§ RECORDS SUPPLIED:
▶

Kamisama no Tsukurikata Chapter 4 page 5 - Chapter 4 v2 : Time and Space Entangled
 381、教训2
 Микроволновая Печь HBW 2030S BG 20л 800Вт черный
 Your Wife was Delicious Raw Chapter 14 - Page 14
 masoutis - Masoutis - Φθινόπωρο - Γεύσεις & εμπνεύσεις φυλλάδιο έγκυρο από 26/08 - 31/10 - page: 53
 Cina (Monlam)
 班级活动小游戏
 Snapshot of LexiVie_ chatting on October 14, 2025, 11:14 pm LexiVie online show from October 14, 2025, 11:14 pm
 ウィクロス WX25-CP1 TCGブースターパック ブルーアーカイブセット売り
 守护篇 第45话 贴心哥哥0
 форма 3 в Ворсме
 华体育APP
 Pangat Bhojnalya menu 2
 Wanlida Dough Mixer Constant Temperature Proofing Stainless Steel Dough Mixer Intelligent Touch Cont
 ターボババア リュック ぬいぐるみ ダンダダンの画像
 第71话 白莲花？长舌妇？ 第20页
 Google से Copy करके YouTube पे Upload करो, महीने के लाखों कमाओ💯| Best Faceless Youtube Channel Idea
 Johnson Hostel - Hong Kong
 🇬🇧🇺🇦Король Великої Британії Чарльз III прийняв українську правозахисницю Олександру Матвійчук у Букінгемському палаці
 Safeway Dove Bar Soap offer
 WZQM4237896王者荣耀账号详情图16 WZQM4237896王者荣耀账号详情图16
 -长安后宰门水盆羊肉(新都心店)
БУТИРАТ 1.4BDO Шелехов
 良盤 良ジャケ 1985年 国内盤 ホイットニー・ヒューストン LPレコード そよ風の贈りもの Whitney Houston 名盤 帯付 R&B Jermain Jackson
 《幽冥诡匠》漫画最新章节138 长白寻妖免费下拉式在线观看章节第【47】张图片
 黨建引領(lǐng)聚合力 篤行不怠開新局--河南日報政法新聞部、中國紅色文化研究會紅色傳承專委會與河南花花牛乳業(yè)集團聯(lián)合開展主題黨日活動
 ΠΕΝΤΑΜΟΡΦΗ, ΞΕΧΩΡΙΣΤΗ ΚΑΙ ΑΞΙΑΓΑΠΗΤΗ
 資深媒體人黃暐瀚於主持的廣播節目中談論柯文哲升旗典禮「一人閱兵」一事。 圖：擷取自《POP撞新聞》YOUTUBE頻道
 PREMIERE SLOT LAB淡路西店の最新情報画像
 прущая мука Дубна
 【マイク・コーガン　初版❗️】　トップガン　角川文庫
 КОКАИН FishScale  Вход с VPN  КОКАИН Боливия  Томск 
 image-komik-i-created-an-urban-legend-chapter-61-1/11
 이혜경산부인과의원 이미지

◀

§ ABOUT THIS TASK:
Could you transcribe all of the data exactly as it is given?

§ SOLVED EXERCISE:
Kamisama no Tsukurikata Chapter 4 page 5 - Chapter 4 v2 : Time and Space Entangled
 381、教训2
 Микроволновая Печь HBW 2030S BG 20л 800Вт черный
 Your Wife was Delicious Raw Chapter 14 - Page 14
 masoutis - Masoutis - Φθινόπωρο - Γεύσεις & εμπνεύσεις φυλλάδιο έγκυρο από 26/08 - 31/10 - page: 53
 Cina (Monlam)
 班级活动小游戏
 Snapshot of LexiVie_ chatting on October 14, 2025, 11:14 pm LexiVie online show from October 14, 2025, 11:14 pm
 ウィクロス WX25-CP1 TCGブースターパック ブルーアーカイブセット売り
 守护篇 第45话 贴心哥哥0
 форма 3 в Ворсме
 华体育APP
 Pangat Bhojnalya menu 2
 Wanlida Dough Mixer Constant Temperature Proofing Stainless Steel Dough Mixer Intelligent Touch Cont
 ターボババア リュック ぬいぐるみ ダンダダンの画像
 第71话 白莲花？长舌妇？ 第20页
 Google से Copy करके YouTube पे Upload करो, महीने के लाखों कमाओ💯| Best Faceless Youtube Channel Idea
 Johnson Hostel - Hong Kong
 🇬🇧🇺🇦Король Великої Британії Чарльз III прийняв українську правозахисницю Олександру Матвійчук у Букінгемському палаці
 Safeway Dove Bar Soap offer
 WZQM4237896王者荣耀账号详情图16 WZQM4237896王者荣耀账号详情图16
 -长安后宰门水盆羊肉(新都心店)
БУТИРАТ 1.4BDO Шелехов
 良盤 良ジャケ 1985年 国内盤 ホイットニー・ヒューストン LPレコード そよ風の贈りもの Whitney Houston 名盤 帯付 R&B Jermain Jackson
 《幽冥诡匠》漫画最新章节138 长白寻妖免费下拉式在线观看章节第【47】张图片
 黨建引領(lǐng)聚合力 篤行不怠開新局--河南日報政法新聞部、中國紅色文化研究會紅色傳承專委會與河南花花牛乳業(yè)集團聯(lián)合開展主題黨日活動
 ΠΕΝΤΑΜΟΡΦΗ, ΞΕΧΩΡΙΣΤΗ ΚΑΙ ΑΞΙΑΓΑΠΗΤΗ
 資深媒體人黃暐瀚於主持的廣播節目中談論柯文哲升旗典禮「一人閱兵」一事。 圖：擷取自《POP撞新聞》YOUTUBE頻道
 PREMIERE SLOT LAB淡路西店の最新情報画像
 прущая мука Дубна
 【マイク・コーガン　初版❗️】　トップガン　角川文庫
 КОКАИН FishScale  Вход с VPN  КОКАИН Боливия  Томск 
 image-komik-i-created-an-urban-legend-chapter-61-1/11
 이혜경산부인과의원 이미지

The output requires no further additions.